Architecture and Advantages
AutoMQ Table Topic enables real-time data lake ingestion and query analysis through its embedded streaming table architecture. The technical architecture is outlined below:
- Out of the Box: With just one click, you can activate AutoMQ Table Topic to stream data into Iceberg tables for continuous, real-time analytics.
- Built-in Schema Registry: The built-in Kafka Schema Registry is ready to use. Table Topic leverages registered schemas to automatically create Iceberg tables in your catalog services (e.g., AWS Glue) and supports automatic schema evolution.
- ETL-Free (Extract, Transform, Load): Traditional data lake ingestion methods often require intermediary tools such as Kafka Connect or Flink. Table Topic eliminates such ETL pipelines, significantly reducing costs and operational complexity.
- Auto Scaling: AutoMQ features a stateless and elastic architecture that allows brokers to scale up or down with dynamic partition reassignment. Table Topic leverages this framework to handle ingestion rates from hundreds of MiB/s to several GiB/s.
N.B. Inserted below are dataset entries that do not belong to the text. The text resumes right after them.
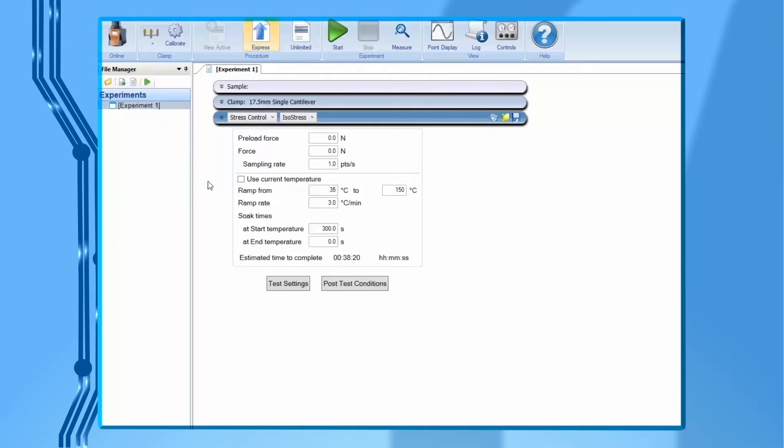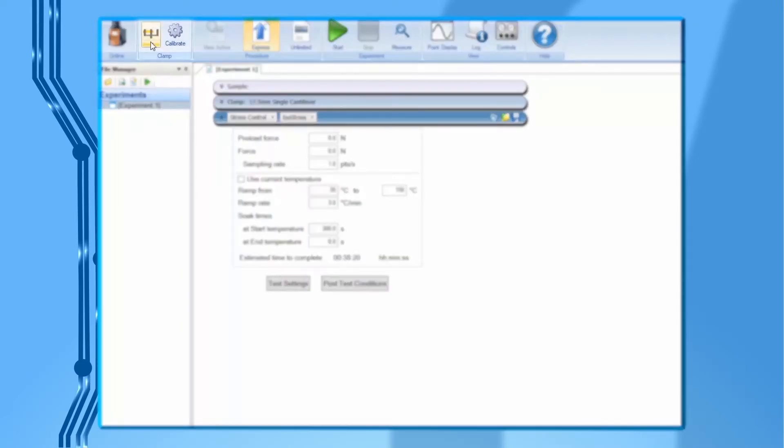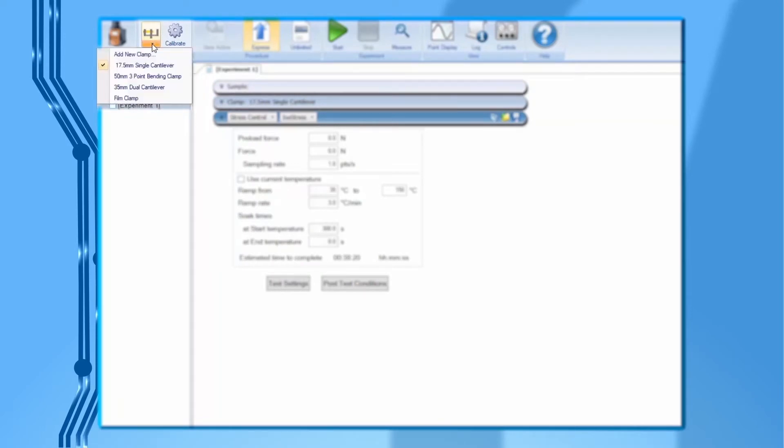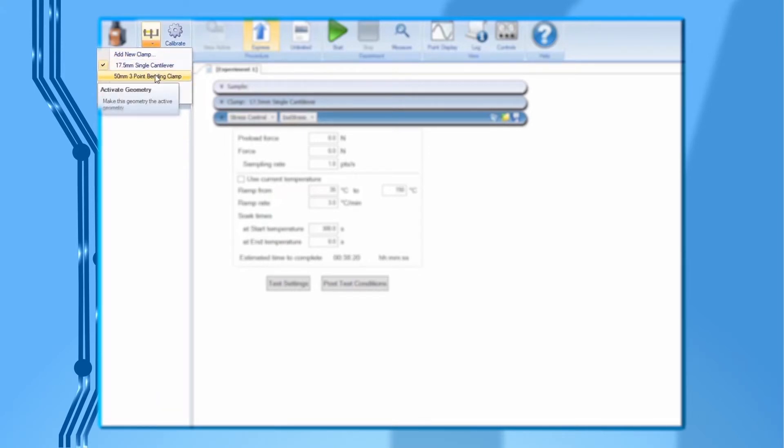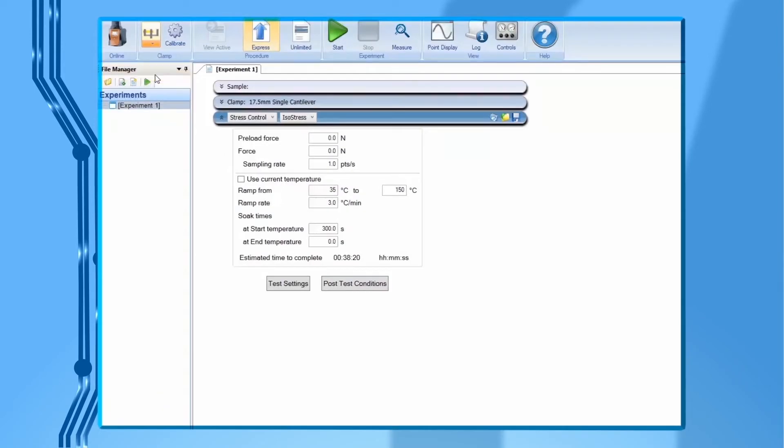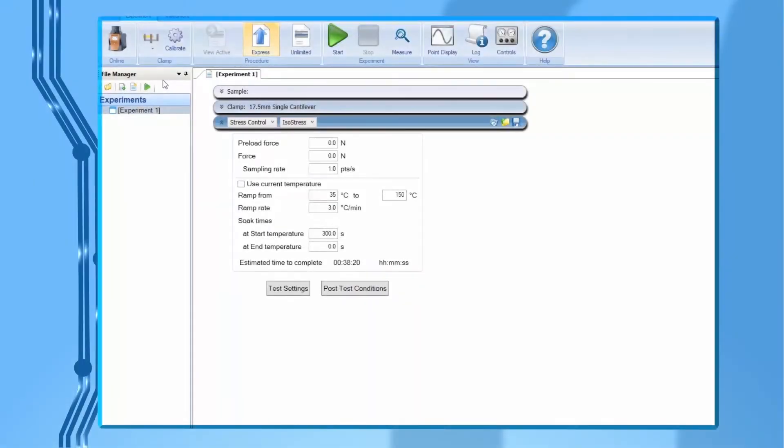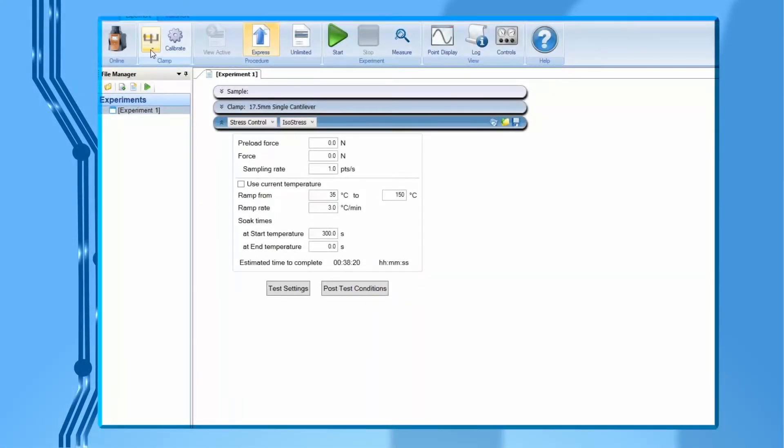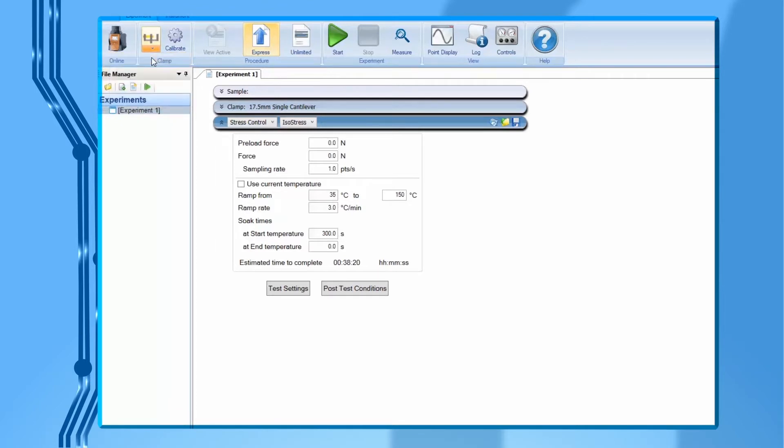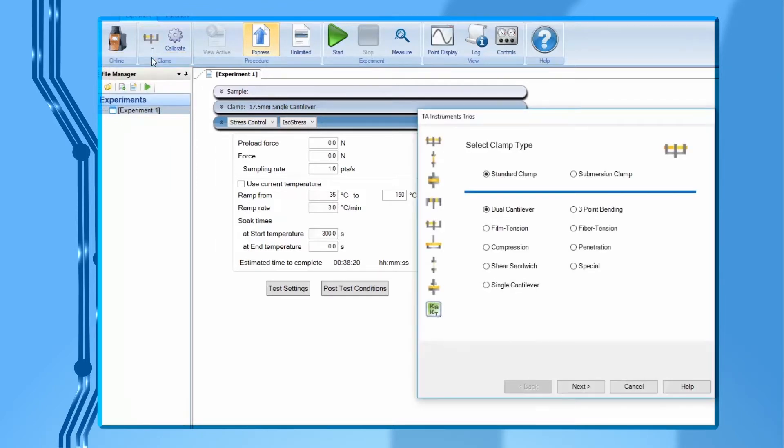Open TRIO software and connect it to a DMA850. Under experiment, click on the arrow on the clamp icon. Select the name of the clamp you want to install and calibrate. For example, 50 millimeter three-point bending clamp. If this clamp file has not been previously created, then click on add new clamp. Select three-point bending, then next.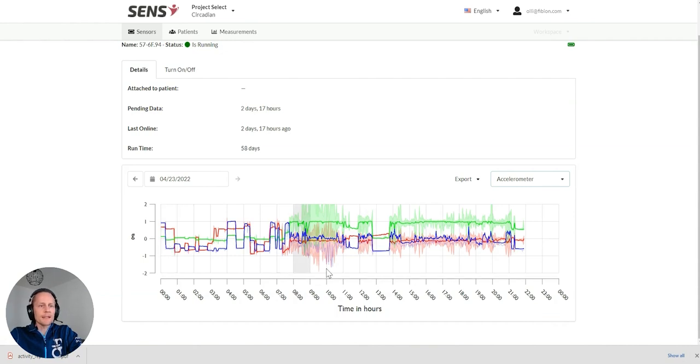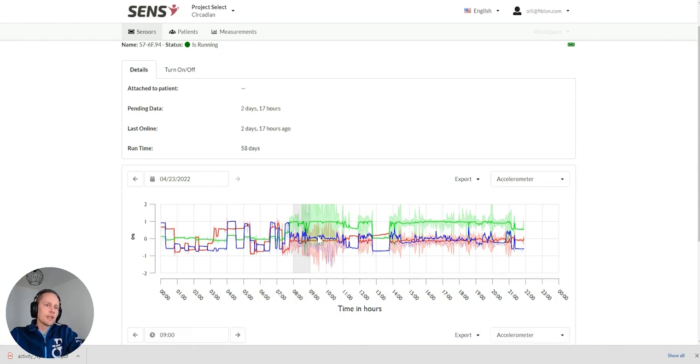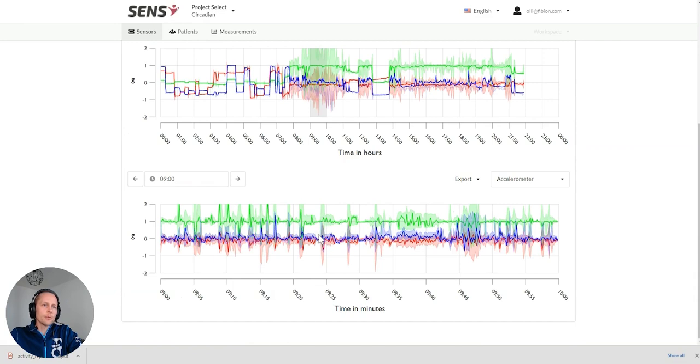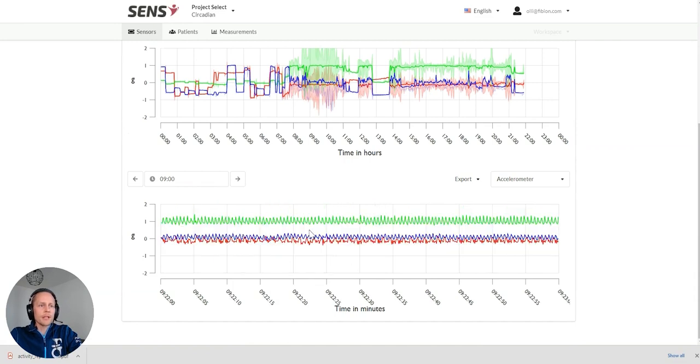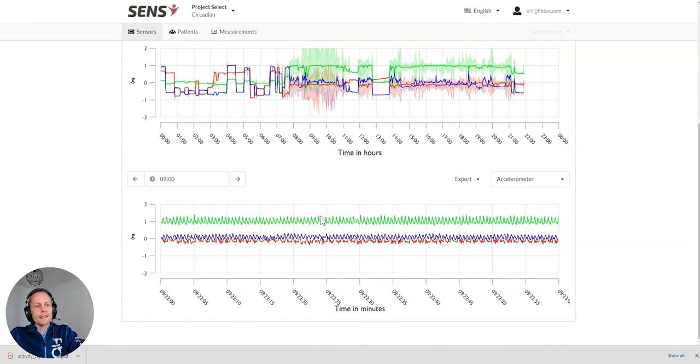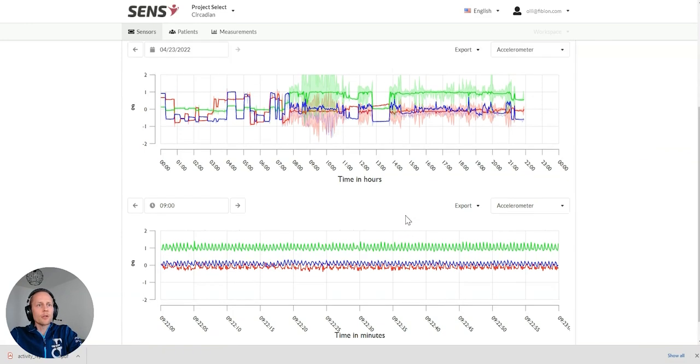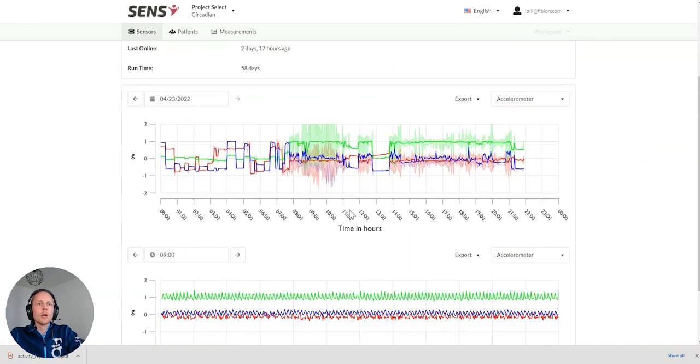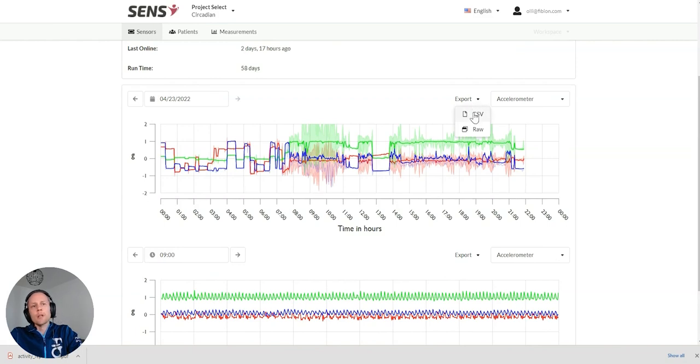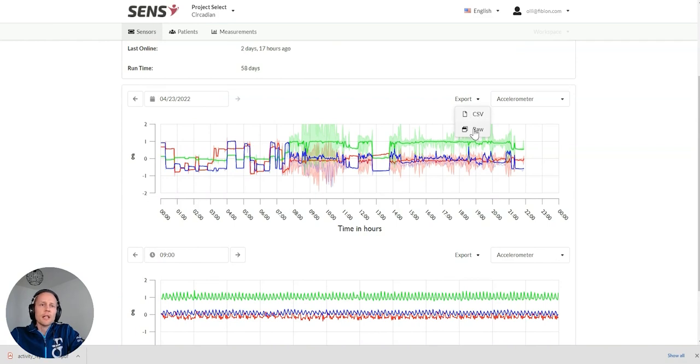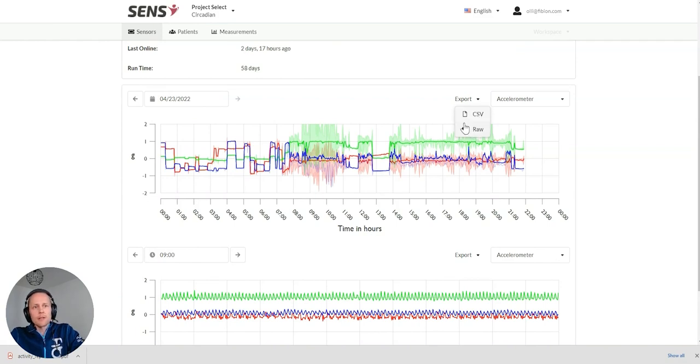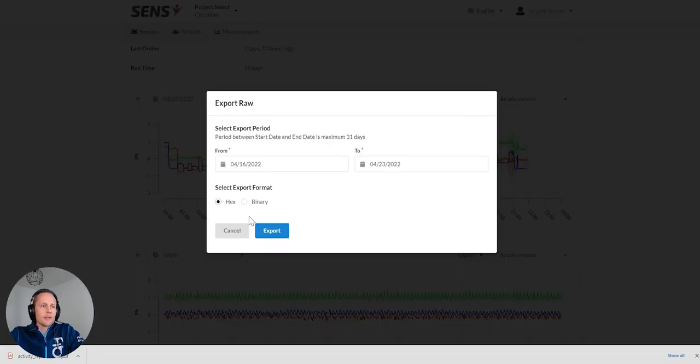You can also zoom in to certain part of the data. You can zoom in and see each step there when the person has been walking. And if you want to export this, you can export the raw data as a CSV file or raw data in different file formats.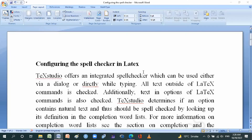Hi friends, how are you? Hopefully you are doing well. Today we'll discuss configuring the spell checker in LaTeX. TeXstudio offers an integrated spell checker which can be used either via dialog or directly while typing.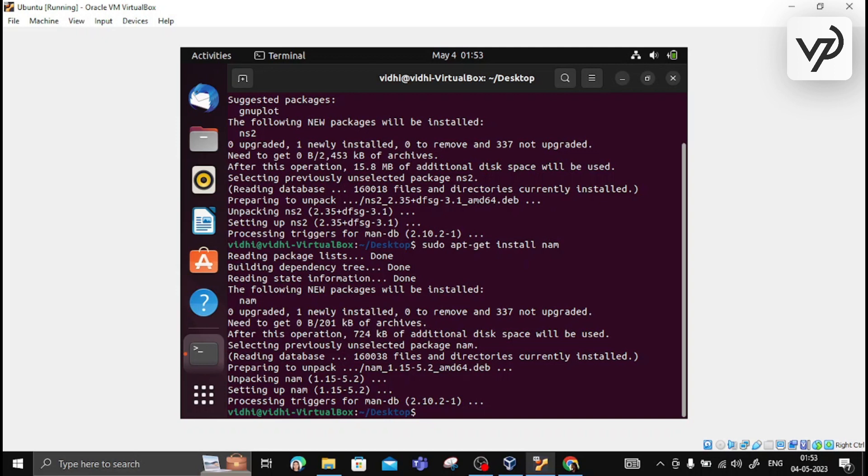We have used two different commands for installing NS2 and NAM. The commands are: sudo apt-get install ns2 and sudo apt-get install nam. Once we install them, we can perform network simulations.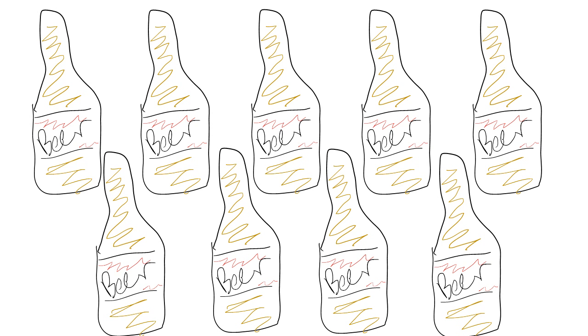So we ask someone how many drinks they had in the past week and they say nine. Based on our definition, this person has a drinking problem.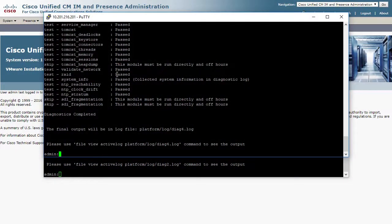Hi, my name is Billy Turnbull with Cisco TAC. In this video, I'm going to show you how to recover from a DB replication failure in IM and Presence.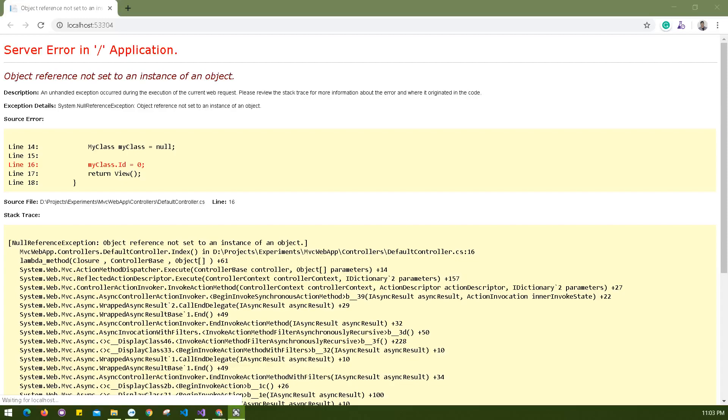Everyone is very familiar with this: object reference not set to an instance of an object. If you're working with Visual Studio and C#, this is a very common error when you're trying to access any object, class, or anything that is not initiated or its value is null and you're trying to access its property.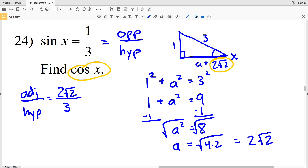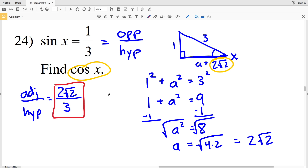So the cosine of X is 2√2 over 3, and with that we wrap up our trigonometric ratios worksheet. If you have any questions, please feel free to leave them in the comments below and I or one of your peers will respond as quickly as possible. All likes and subscriptions are greatly appreciated!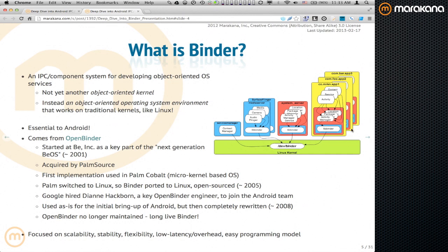Binder is essential to Android. This diagram gives you an idea that pretty much all applications, all system services, and a lot of the underlying framework infrastructure and middleware all depend on Binder, especially at the Binder and driver level.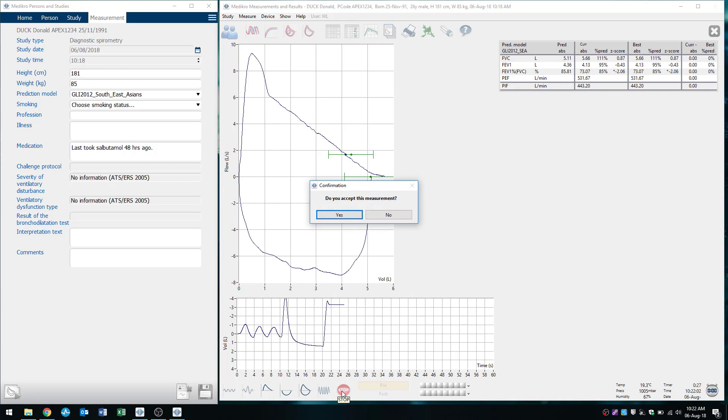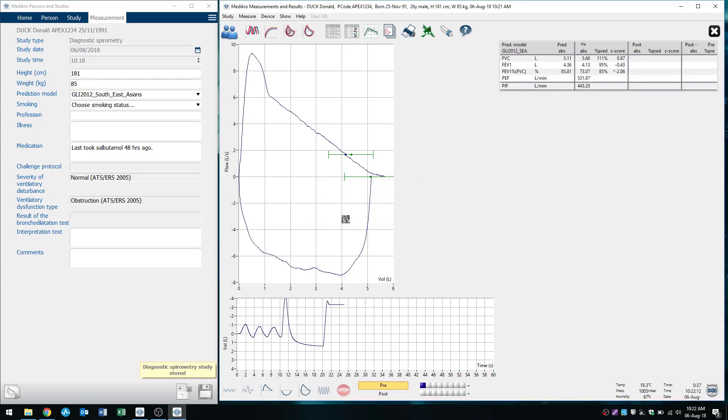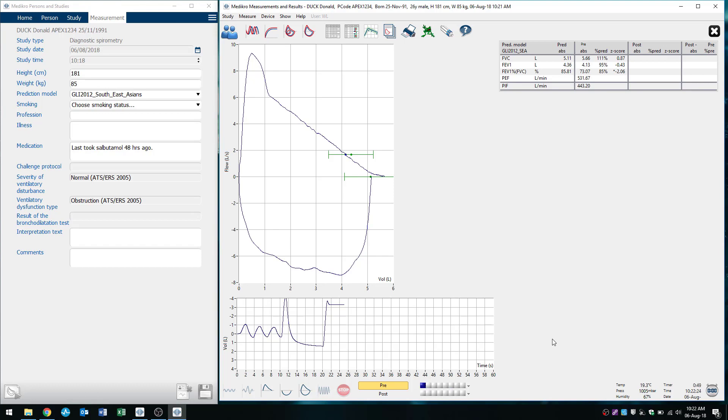All right, so after we've performed our blow, it will ask us if we want to accept our measurement. And in our case, yes, because that was a good blow. And that's one trial you can see at the bottom of the screen here next to pre, there's one blue square that's lit up. And as you do more trials, all of these squares will light up.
- AWS S3 Table Integration: Table Topic integrates with S3 Table, leveraging its Data Catalog and maintenance features such as compression, snapshot management, and unreferenced file deletion. This integration also facilitates large-scale data analytics through AWS Athena.
Constraints and Limitations
Using the AutoMQ Table Topic feature requires meeting the following conditions:- Version Constraint: The AutoMQ instance version must be >= 1.4.1.
-
Catalog Requirement: To use Table Topic, users must provide an external, available Data Catalog service. Currently, AutoMQ supports the following Catalog types:
- AWS S3Table Catalog: AWS S3 offers a new Table Bucket, equipped with built-in catalog management and data lake storage.
- AWS Glue Catalog: AWS Glue provides unified catalog management in the cloud and supports integration with query tools such as Athena.
- Hive Catalog: Customers can provide catalog support themselves based on the Hadoop ecosystem’s Hive Metastore, or they can purchase cloud provider-hosted EMR HMS services.
Workflow
Users need to follow the configuration workflow when using the AutoMQ Table Topic feature as outlined below:- Configure Data Catalog: Select and configure your preferred Data Catalog service (e.g., AWS S3Table Catalog, AWS Glue Catalog, or Hive Catalog).
- Create Instance, Enable Table Topic, and Set Target Catalog: When creating an AutoMQ instance, enable the Table Topic feature and specify the configured Data Catalog.
- Configure Topic to Enable Stream Table Rotation: In the Topic configuration, enable the stream table rotation feature.